We left Hastings in the rain headed for Benkelman, NE, near the border of  Colorado. Or we could consider a shorter drive to Mc Cook where the options for overnight were better? An uneventful drive in any case, with my turn at the wheel a mere 75 miles. McCook has a tourist park that was so appealing we decided we needed a rest and would stay two nights.
After a leisurely, restful morning off we went to the Highland Plains Museum. So many memories of life long past tickled my emotions.  Like the polio scare we all lived through. The iron lung above brought back the real fear of those times.

This professional movie projector and the Fox Theater Organ brought back the joy of those times. They still performed a bit of on stage vaudeville in small towns during the late 1940’s.  I counted four different organs and as many pianos in this museum.

The first telephone we ever had was similar to this one. And for some reason I remember our telephone number for our families party line-2505XJ. We lived in Danforth, Michigan, then.

This little wind generator could keep one light bulb lit and a battery operated radio alive during a windstorm. Oh the wonders of electricity. Rural farm America was isolated as anyone who lived through it can remember.

This fuel less cooker was a marvel. You had to bring your stew, or beans to a boil, then place the pot on a hot flat stone, close the cover and wait for dinner time for a tender, juicy meal

There were sewing machines, washing machines, farm implements, tools, clothing, toys, by the numbers here. It struck me that an isolated community like McCook just had no place to go with this no longer needed stuff and had the wherewithal to hold onto it for the future. And, while so many items brought back personal memories, I’ve neglected the town of McCook. A precocious kid from McCook by the name of Edwin Perkins became a mail order “chemist” and grew up to start a mail order business when he was 20. His best seller was a drink called Fruit Smack, but it would get damaged in shipment, or leak. He decided to dehydrate it, and the rest, as we know, is history. He named his drink Kool-Aid. And we all grew up with pitcher after pitcher of that stuff.
In this town of 8,000 people is a Carnegie Library. Frank Lloyd Wright designed a house here. There were plans for another of his in the museum, though never built. The Green Dream Home is here. (More tomorrow about that.)

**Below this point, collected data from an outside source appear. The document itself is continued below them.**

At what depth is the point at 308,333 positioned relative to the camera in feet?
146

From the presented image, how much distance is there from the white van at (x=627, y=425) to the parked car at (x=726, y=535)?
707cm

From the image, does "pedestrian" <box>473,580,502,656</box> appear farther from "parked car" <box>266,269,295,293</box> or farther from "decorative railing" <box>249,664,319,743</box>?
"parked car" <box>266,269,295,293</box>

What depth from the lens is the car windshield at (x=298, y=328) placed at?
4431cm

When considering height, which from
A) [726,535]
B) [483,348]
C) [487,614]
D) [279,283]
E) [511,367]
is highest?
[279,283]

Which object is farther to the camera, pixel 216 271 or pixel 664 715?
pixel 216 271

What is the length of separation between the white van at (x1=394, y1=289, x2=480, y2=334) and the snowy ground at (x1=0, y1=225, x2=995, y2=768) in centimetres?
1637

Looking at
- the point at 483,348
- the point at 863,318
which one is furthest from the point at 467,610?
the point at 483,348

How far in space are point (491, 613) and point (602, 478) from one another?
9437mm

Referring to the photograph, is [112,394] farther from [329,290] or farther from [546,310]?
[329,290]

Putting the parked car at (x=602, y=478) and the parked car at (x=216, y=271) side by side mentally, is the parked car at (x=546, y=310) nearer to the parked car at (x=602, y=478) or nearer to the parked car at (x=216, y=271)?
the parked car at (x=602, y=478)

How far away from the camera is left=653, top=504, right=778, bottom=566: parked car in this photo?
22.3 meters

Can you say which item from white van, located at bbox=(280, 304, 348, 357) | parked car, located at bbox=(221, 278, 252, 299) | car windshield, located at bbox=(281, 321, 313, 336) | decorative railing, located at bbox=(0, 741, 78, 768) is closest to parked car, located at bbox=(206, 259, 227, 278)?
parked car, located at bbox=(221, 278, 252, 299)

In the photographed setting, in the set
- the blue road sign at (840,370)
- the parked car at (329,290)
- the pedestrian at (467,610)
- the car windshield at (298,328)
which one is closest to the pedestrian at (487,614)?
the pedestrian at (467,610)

People of McCook had more than their share of disasters, from a major train wreck…

An horrific flood…

A major tornado. Add to that, buffalo roaming through town and the usual mishaps of life.  Early life in McCook wasn’t easy. The stalwart backbone of America was its farmers and ranchers. Its all here.

Then the people of McCook come alive in scrapbooks and pictures. A local treasure to be sure. Above is one such character, Blind Sam  He and his dog “owned” a street corner where he played the violin for fifty years.
I found threads for several blogs in this museum, so you won’t have heard the last of it. I could have easily spent another hour here and soaked up what I’m sure to have missed.

We walked out and looked at the old Fox Theater across from the museum, (its now a church) and thought of the people who built this solid small town.